Question

Let $A\left( {1,k} \right)$, $B\left( {1,1} \right)$ and $C\left( {2,1} \right)$ be the vertices of a right angled triangle with $AC$ as it’s hypotenuse. If the area of the triangle is $1$, then the set of value which $k$ can take is given by
A) $\left\{ {1,3} \right\}$
B) $\left\{ {0,2} \right\}$
C) $\left\{ { - 1,3} \right\}$
D) $\left\{ { - 3, - 2} \right\}$

Answer 1

Hint: We are to first identify the point at which the triangle is right angled. Then from the given points we can get the distance between two points in order to find the length of the base and height of the triangle, by using the formula,
$d = \sqrt {{{\left( {{x_2} - {x_1}} \right)}^2} + {{\left( {{y_2} - {y_1}} \right)}^2}} $
So, after finding the height and base we can use the area of triangle, given,
Area of triangle, ${A_r} = \dfrac{1}{2} \times base \times height$
Now, from the given conditions, we can find the values of k.

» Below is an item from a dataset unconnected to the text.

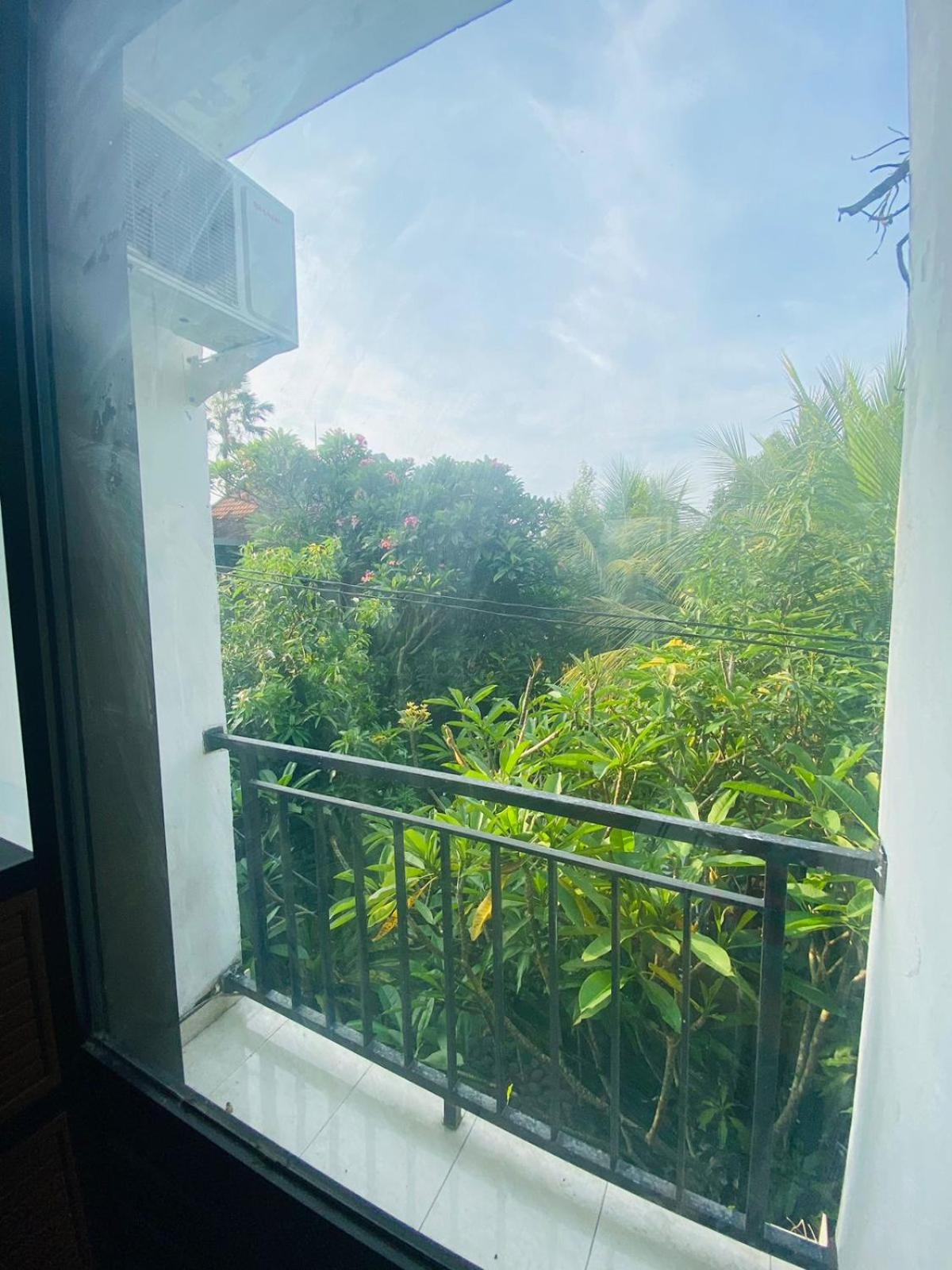 Breezy Guest House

Complete step by step answer:
The given points are, $A\left( {1,k} \right)$, $B\left( {1,1} \right)$, $C\left( {2,1} \right)$.
Also, the area of the triangle is given to be $1$ sq. units.
Now, given $AC$ is the hypotenuse of the triangle, so, that means the triangle is right angled at $B$.
So, the base and height of the triangle are $AB$ and $BC$.
Now, by using the distance formula, we get,
$AB = \sqrt {{{\left( {1 - 1} \right)}^2} + {{\left( {1 - k} \right)}^2}} $
$ \Rightarrow AB = \sqrt {{{\left( 0 \right)}^2} + {{\left( {1 - k} \right)}^2}} $
$ \Rightarrow AB = \sqrt {{{\left( {1 - k} \right)}^2}} $
$ \Rightarrow AB = \pm (1 - k)$
And, $BC = \sqrt {{{\left( {2 - 1} \right)}^2} + {{\left( {1 - 1} \right)}^2}} $
$ \Rightarrow BC = \sqrt {{{\left( 1 \right)}^2} + {{\left( 0 \right)}^2}} $
$ \Rightarrow BC = 1$
So, we have the height and base of the triangle.
So, using the formula of area of a triangle, we get,
Area of triangle, ${A_r} = \dfrac{1}{2} \times base \times height$
$ \Rightarrow {A_r} = \dfrac{1}{2} \times \left( { \pm \left( {1 - k} \right)} \right) \times 1$
$ \Rightarrow {A_r} = \dfrac{{ \pm (1 - k)}}{2}$
Now, given, the area of the triangle is $1$.
Now, substituting the value in the above equation, we get,
$\dfrac{{ \pm \left( {1 - k} \right)}}{2} = 1$
$ \Rightarrow 2 = \pm \left( {1 - k} \right) - - - - \left( 1 \right)$
Now, for $ + \left( {1 - k} \right)$, we get,
$ \Rightarrow 2 = 1 - k$
Adding $ - 1$ on both sides, we get,
$ \Rightarrow 2 - 1 = - k$
$ \Rightarrow 1 = - k$
Multiplying both sides with $ - 1$, we get,
$ \Rightarrow k = - 1$
Now, for $ - \left( {1 - k} \right)$ in equation $\left( 1 \right)$, we get,
$ \Rightarrow 2 = - \left( {1 - k} \right)$
$ \Rightarrow 2 = - 1 + k$
Now, adding $1$ on both sides, we get,
$ \Rightarrow 2 + 1 = k$
$ \Rightarrow k = 3$
Therefore, the set of values which $k$ can take is $\left\{ { - 1,3} \right\}$, the correct option is option (C).

Note:
We can also do the given problem by another method. We can find the area of the triangle only if the points of the triangle are given. Then we can use the formula,
Area of triangle, ${A_r} = \dfrac{1}{2}\left| {{x_1}\left( {{y_2} - {y_3}} \right) + {x_2}\left( {{y_3} - {y_1}} \right) + {x_3}\left( {{y_1} - {y_2}} \right)} \right|$
But, in the given problem if this method is used, the equation may become a bit complex, so we chose the simpler approach.